→ **TASK GOAL**:
Identify each line below containing the string "Model" and copy it.

[[ GIVEN DATA open ]]

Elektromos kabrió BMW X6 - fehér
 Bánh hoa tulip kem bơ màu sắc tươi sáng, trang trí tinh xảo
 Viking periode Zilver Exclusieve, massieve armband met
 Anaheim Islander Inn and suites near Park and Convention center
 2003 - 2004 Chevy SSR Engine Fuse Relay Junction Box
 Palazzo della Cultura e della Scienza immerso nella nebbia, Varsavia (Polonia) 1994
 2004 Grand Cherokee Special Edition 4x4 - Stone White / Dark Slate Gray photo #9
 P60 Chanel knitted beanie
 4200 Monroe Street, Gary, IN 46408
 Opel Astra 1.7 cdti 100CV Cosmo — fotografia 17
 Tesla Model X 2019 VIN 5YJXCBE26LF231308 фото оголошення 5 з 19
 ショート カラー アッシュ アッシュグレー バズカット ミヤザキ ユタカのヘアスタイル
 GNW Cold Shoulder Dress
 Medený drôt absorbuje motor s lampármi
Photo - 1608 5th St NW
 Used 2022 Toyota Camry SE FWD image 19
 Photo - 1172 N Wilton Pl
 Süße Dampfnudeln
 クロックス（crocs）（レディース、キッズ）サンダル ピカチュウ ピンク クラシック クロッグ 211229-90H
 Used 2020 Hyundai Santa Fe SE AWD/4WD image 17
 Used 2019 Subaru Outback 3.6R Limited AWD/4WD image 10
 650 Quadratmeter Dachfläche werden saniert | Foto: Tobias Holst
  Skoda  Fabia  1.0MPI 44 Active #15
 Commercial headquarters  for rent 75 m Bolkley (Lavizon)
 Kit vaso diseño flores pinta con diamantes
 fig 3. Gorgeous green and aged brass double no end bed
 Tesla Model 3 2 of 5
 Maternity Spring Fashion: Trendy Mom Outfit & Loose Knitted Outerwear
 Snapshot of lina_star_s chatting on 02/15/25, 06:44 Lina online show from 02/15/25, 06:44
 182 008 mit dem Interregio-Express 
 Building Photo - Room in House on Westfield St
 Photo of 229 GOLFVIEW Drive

[[ GIVEN DATA closed ]]

→ **REPLY**:
 Tesla Model X 2019 VIN 5YJXCBE26LF231308 фото оголошення 5 з 19
 Tesla Model 3 2 of 5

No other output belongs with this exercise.